GF has the Oslow, first stove I ever had to run. I love it. It's an elegant beast, that thing can can get loaded right up and runs great.
We're replacing the hearth in a couple weeks, once she figures out what we're (me, I'm) gonna build.

[Hearth.com] Me Want Jotul
 
Those Oslos are looking good! Good enough for Yankee winters, good enough for the North Carolina Mountains. After I do the addition my cabin will be 1,600 square feet, well-built, and well-insulated.
 
Those Oslos are looking good! Good enough for Yankee winters, good enough for the North Carolina Mountains. After I do the addition my cabin will be 1,600 square feet, well-built, and well-insulated.

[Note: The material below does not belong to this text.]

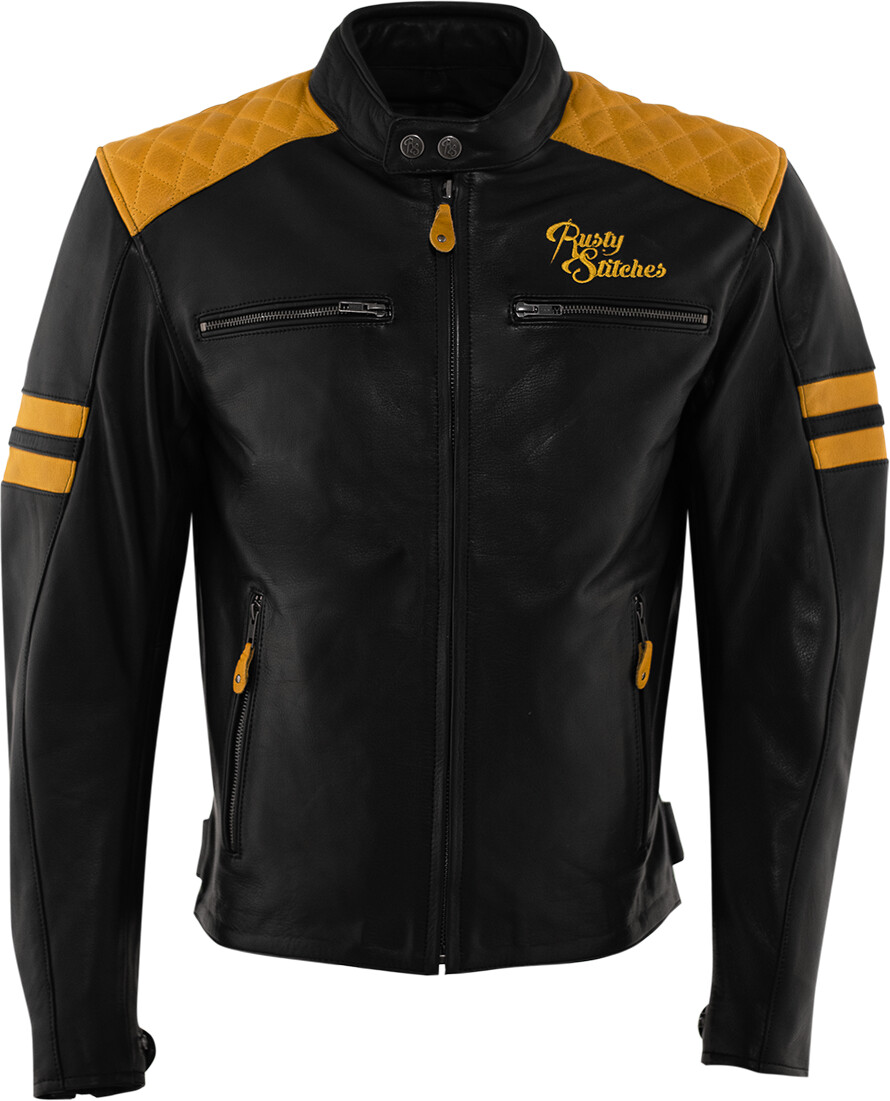 Rusty Stitches Jari black/gold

That's key, "well insulated", I'm heating about the same Sq ft. and a basement that's not heated with the stove. Very open floor plan, cathedral ceilings helps the concentrated heat get around.
 
Those Oslos are looking good! Good enough for Yankee winters, good enough for the North Carolina Mountains. After I do the addition my cabin will be 1,600 square feet, well-built, and well-insulated.

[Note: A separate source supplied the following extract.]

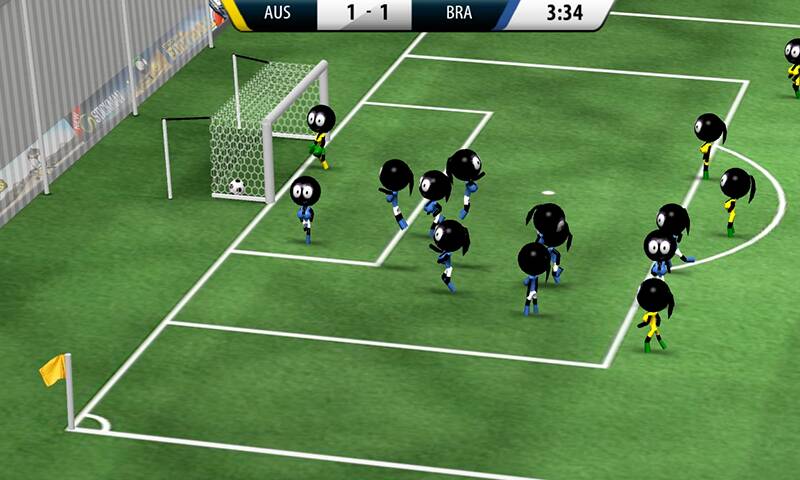 Download Stickman Soccer 2016 [MOD Unlimited money] for Android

You'll easily reach underwear temperatures in the coldest weather with the oslo in that setup.
 
If you look at the pic I posted by the dogs ball on the floor you can see where we patched the floor in after removing a wall and closet that separated the rooms. Before we took the wall out the stove room would get too hot to even sit it.
It now comfortably heats a 1200 square foot 1850s house with very little insulation and many original windows, and two more narrow doorways.
Bonus part is the stove was free! Friend was doing a paint job and the homeowner asked if he wanted it, just had to "get it out of there", done!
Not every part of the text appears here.